SSDD

ラスト・キングスのSSDDのレビュー・感想・評価

ラスト・キングス(1997年製作の映画)
3.6
■概要
マフィアから足を洗った元ボスの男を、若者達は偶然を装い酒を共にする。
しかし若者達の目的は誘拐だった。
気を抜いて誘拐を許してしまったとは言え元裏社会の男は言葉巧みに若者達を扇動し始める…。

■感想(ネタバレなし)
クリストファー・ウォーケン主演のサスペンス。なかなか面白い話の構造をしていて、誘拐された妹の身代金の支払いと交渉のために元マフィアのボスを誘拐するという若者達の計画を描く。

話の進み方がうまく、そら素人だからなと納得する落ち度が要所に仕込まれているため、違和感なく観てられる。

またマフィアのボスも威厳がない言動や弱気になるようなことはなく、というか恐ろしいほどに落ち着いた状態を保つ。

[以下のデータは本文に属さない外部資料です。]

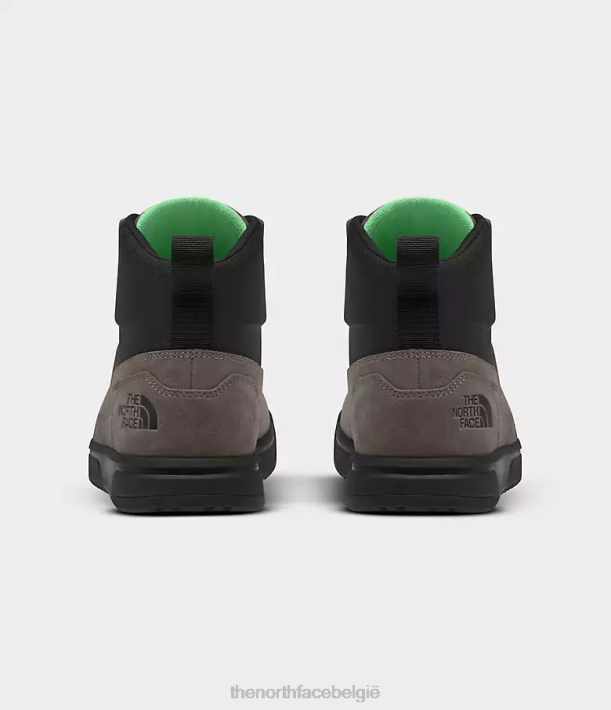 schoenen 280T312 valkbruin/tnf zwart larimer half waterdichte laarzen Heren The North Face
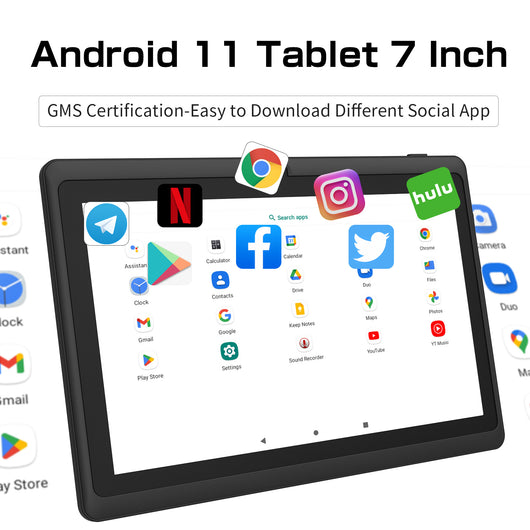 Tablet Android 7 Pulgadas para Adultos con Funda Protectora de Silicona - Image 15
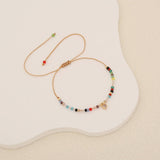 FASHIONABLE LOVE CRYSTAL BRAIDED BRACELET_CWAHA0882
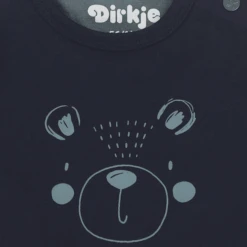 Dirkje Overhemd Lange Mouw Marine -Kleintje Luxe dirkje overhemd lange mouw marine a361689 2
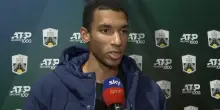 Auger-Aliassime: 'Tutto è possibile per Torino'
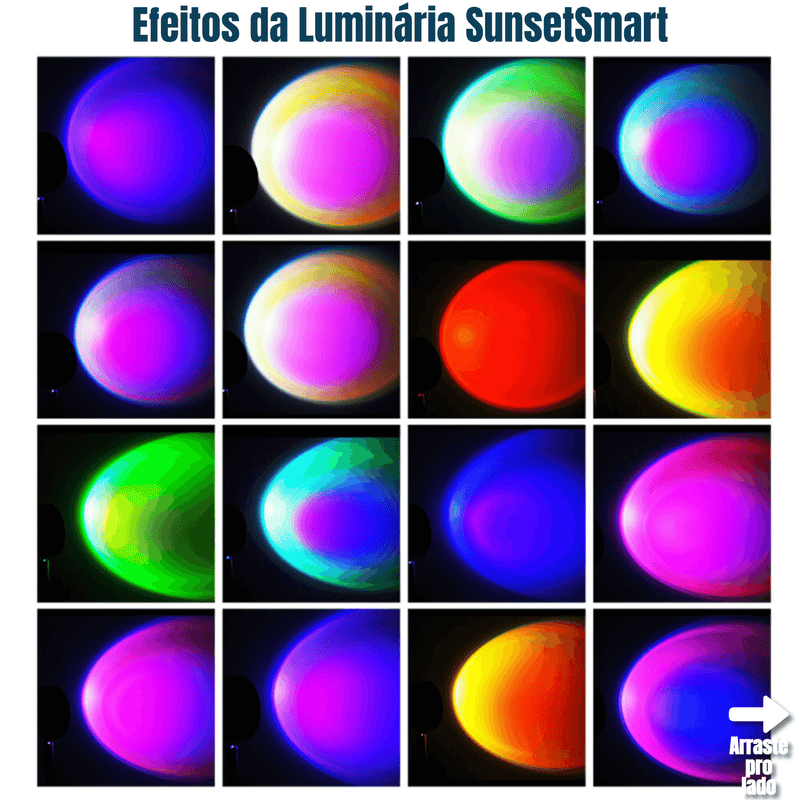 Luminária SunsetSmart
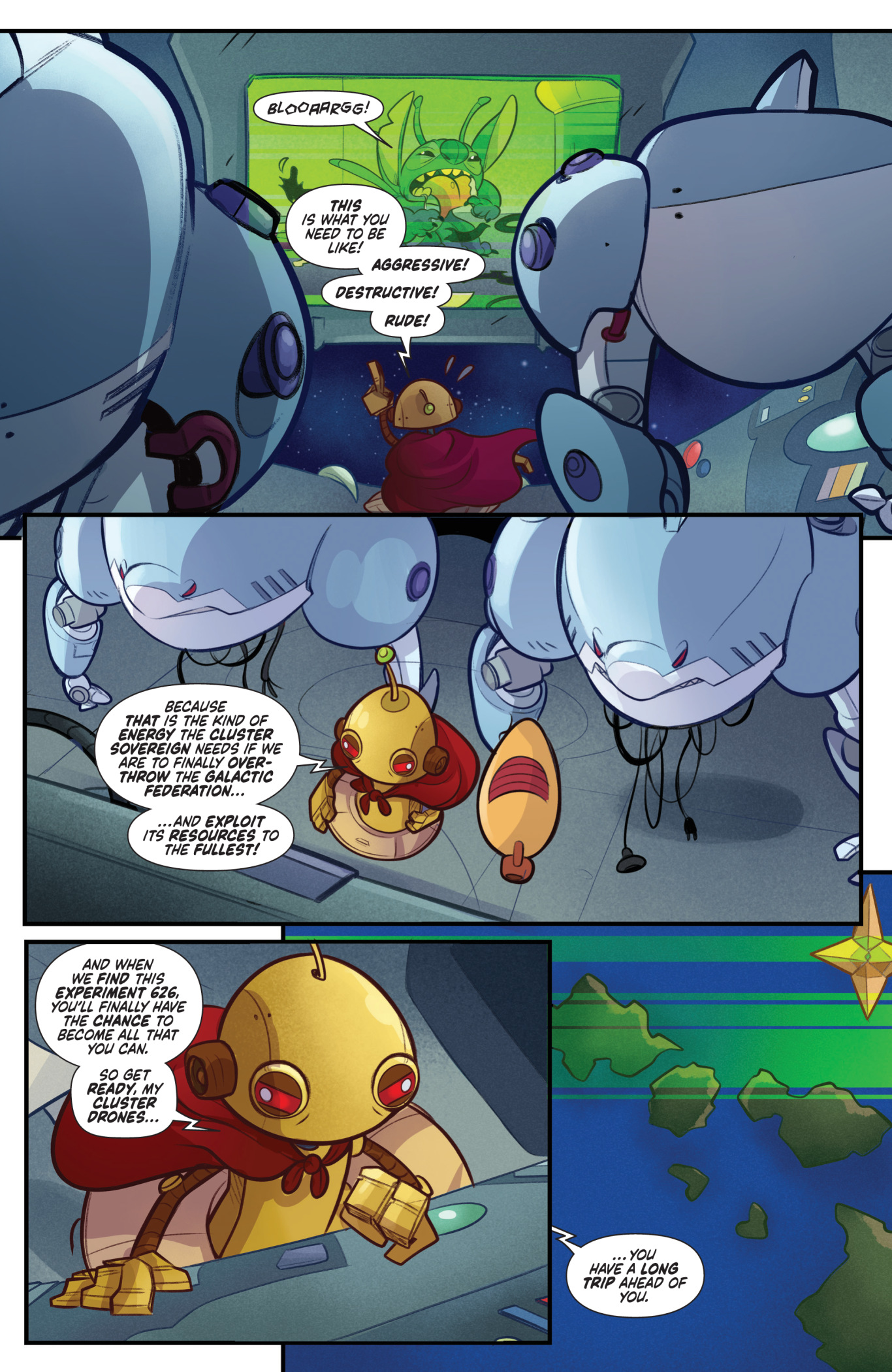 Read online Lilo & Stitch comic -  Issue #1 - 8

全く知らない映画だったがなかなか楽しめるサスペンスで、ウォーケンの存在感が絶対的でした。












■感想(ネタバレあり)
・賭博や鉄火場で磨かれた能力
誰が嘘をついているか、誠実か。ギャンブルに誘うことで見出していくあたりから蒔いた種を回収していくようで面白い。
裏切りは死を招くから敏感だろうし、誘拐犯側の口上を当てて見せるのは大きい心理的な揺さぶりだった。

・勧善懲悪
本作のマフィアは自分なりの理屈や道理があり、紳士的な部分を強調しあくまでも友人を嵌めた人間を最後にケリをつけて終わる勧善懲悪のスタイルだ。
そのため悪に悪をぶつけた若者達の中でも制裁を加えられたのは一部。
マフィアものとしながらどちらかというとウェスタン的な描き方だった。

・総評
誰の血だ?という問いから指が切られていることに気づくシーンの見せ方で引き込まれた。

結局狂言誘拐で妹はそもそも誘拐されてもないし、友人達を謀ったのは妹と恋人というなんとも後味の悪い結末を、しっかり捕まえて金を取り返して殺す。すっきりたした終わり方で良かった。マフィアの誘拐を計画した若者はしっかり撃つのも素晴らしい。

評価は低いようだが、自分はなかなか楽しめる作品だった。